=== TASK INSTRUCTIONS ===
Retype only the lines below from the one with "Apartamento entero, Apartamento" to the one with "1630 Kearney Ave — Photo 15", inclusive, skipping every image.

━━ SUPPLIED DATA ━━

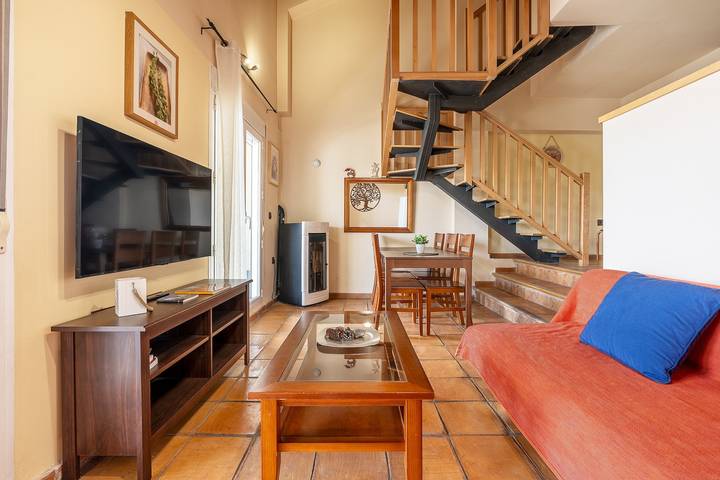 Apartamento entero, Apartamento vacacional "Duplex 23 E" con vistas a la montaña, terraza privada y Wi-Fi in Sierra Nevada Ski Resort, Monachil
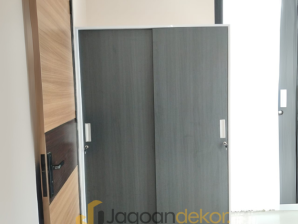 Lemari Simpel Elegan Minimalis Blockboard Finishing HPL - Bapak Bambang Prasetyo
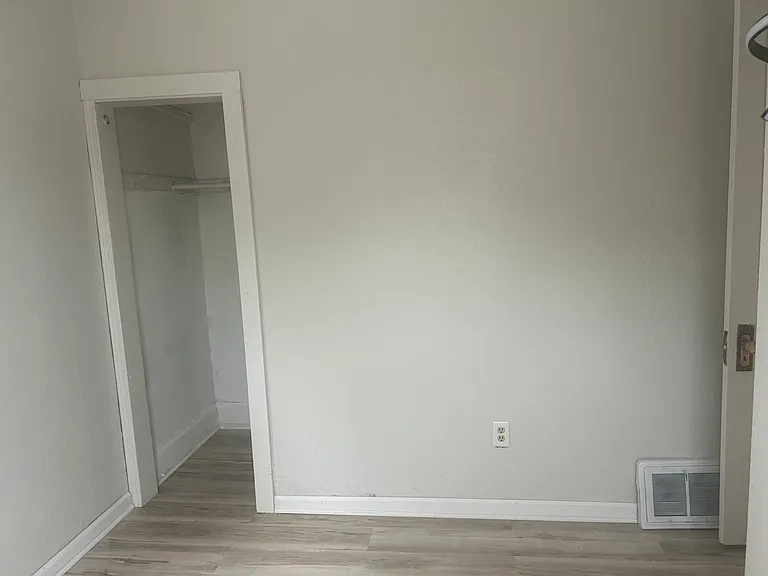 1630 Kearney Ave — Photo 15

━━━
━━ SUPPLIED DATA ━━

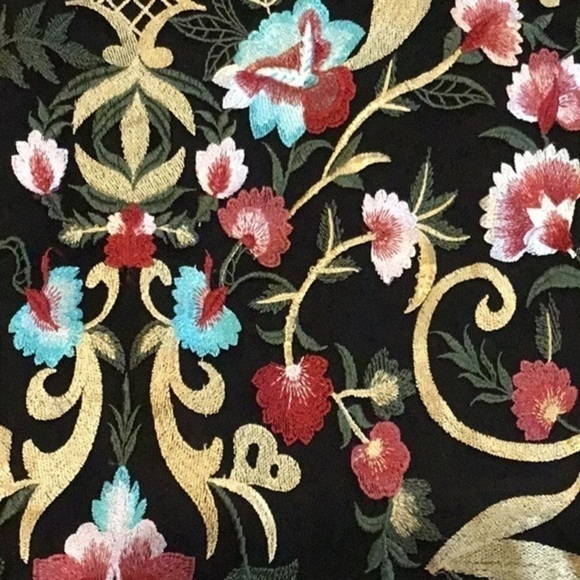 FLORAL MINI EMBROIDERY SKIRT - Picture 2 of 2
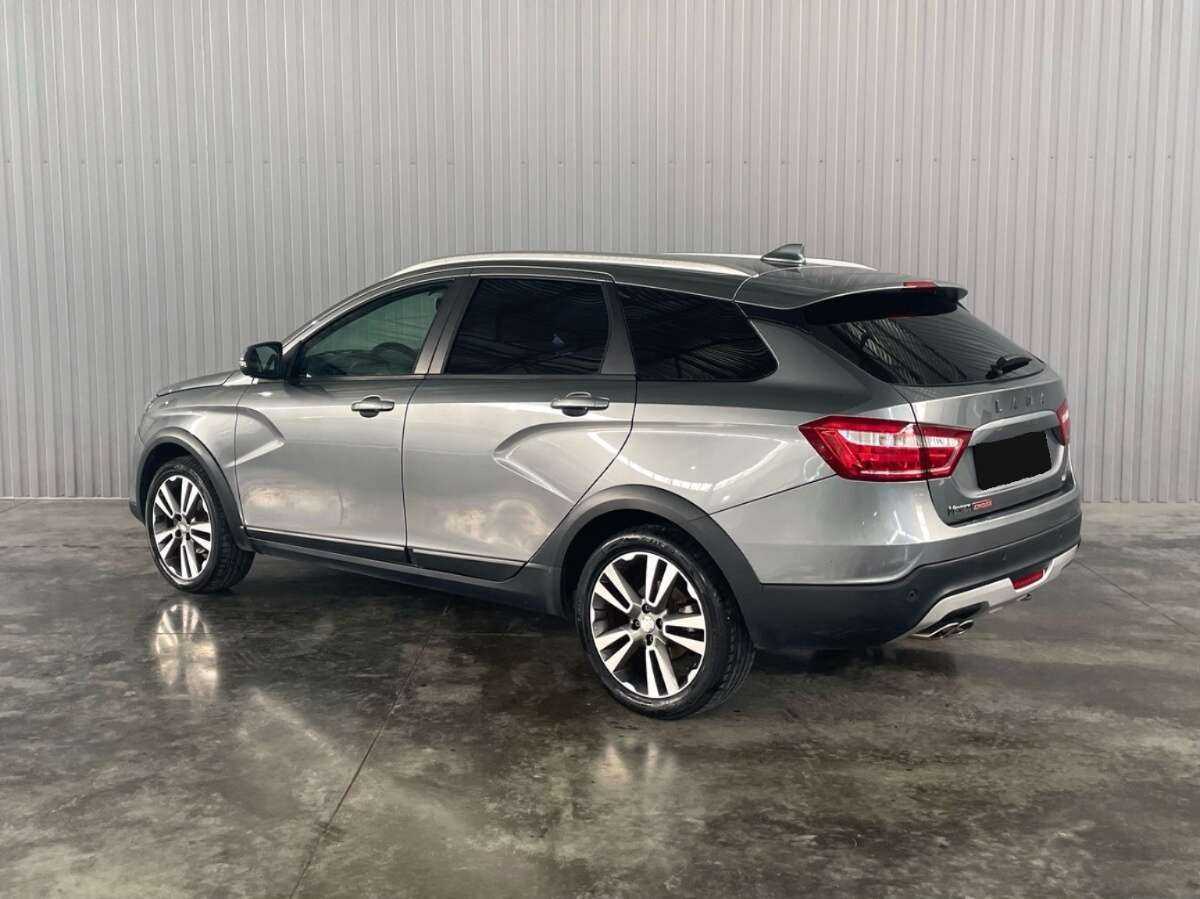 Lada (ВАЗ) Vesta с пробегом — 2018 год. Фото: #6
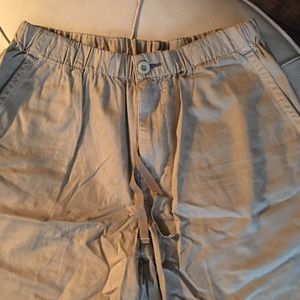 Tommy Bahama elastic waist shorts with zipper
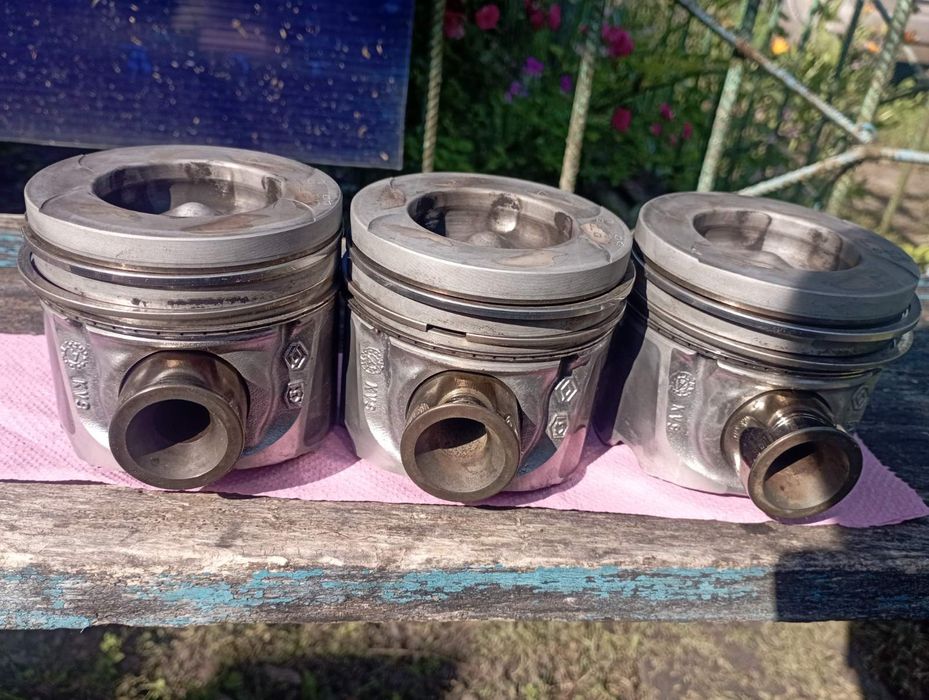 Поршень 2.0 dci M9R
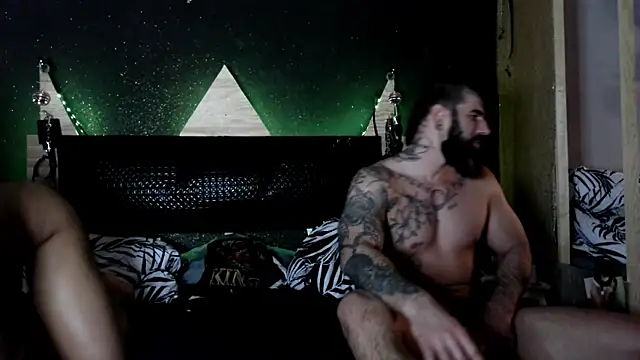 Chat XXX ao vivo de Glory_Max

━━━

=== WRITTEN RESPONSE ===
 Apartamento entero, Apartamento vacacional "Duplex 23 E" con vistas a la montaña, terraza privada y Wi-Fi in Sierra Nevada Ski Resort, Monachil
 Lemari Simpel Elegan Minimalis Blockboard Finishing HPL - Bapak Bambang Prasetyo
 1630 Kearney Ave — Photo 15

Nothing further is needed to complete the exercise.